In a statement to Fortune, General Partner Mike Giampapa emphasized that the fund will focus on projects within the stablecoin and DeFi (decentralized finance) sectors, citing a “fundamental shift” from speculative use cases to tangible real-world applications of blockchain technology. Galaxy Digital has a track record of investing its own balance sheet into crypto startups, such as Fireblocks, but the collapse of FTX in 2022 catalyzed a strategic expansion into external capital raising.

The first close of the fund occurred in July last year at $113 million. According to Giampapa, institutional investors—including family offices and funds already working with Galaxy’s asset management arm—make up the primary backers of the venture fund. So far, roughly $50 million has been deployed into high-potential projects like Monad (a trading blockchain network) and Ethena (a crypto-backed stablecoin issuer).

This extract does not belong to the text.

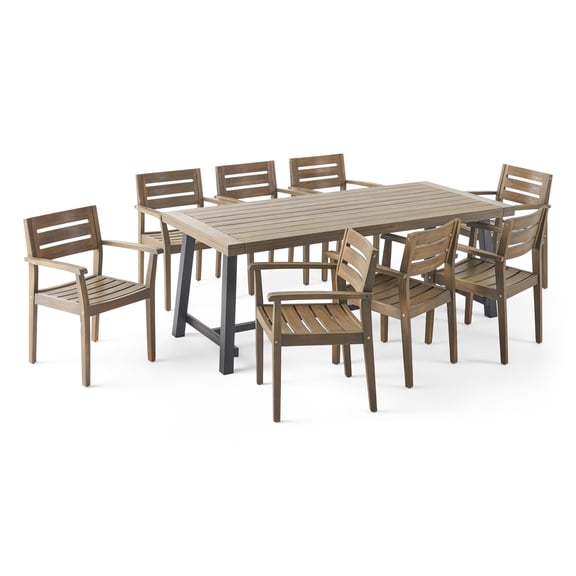 Noble House 9 Piece Modern Outdoor Dining Table Set, Gray/Black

While Galaxy Ventures Fund I operates as a standalone investment instrument, it is tightly integrated with Galaxy Digital’s broader ecosystem, leveraging the firm’s institutional client network to accelerate new product development and ecosystem growth. “Our core thesis since the inception of Galaxy is that traditional finance and crypto are on a collision course,” Giampapa commented.

Galaxy Digital continues to expand its footprint across asset management, crypto trading, mining, and ETFs. Notably, in 2024, it launched a bitcoin ETF in partnership with Invesco and is considering a Solana ETF launch. Despite reporting a Q1 2025 loss of $295 million, Galaxy Digital’s assets under management remain robust at approximately $7 billion.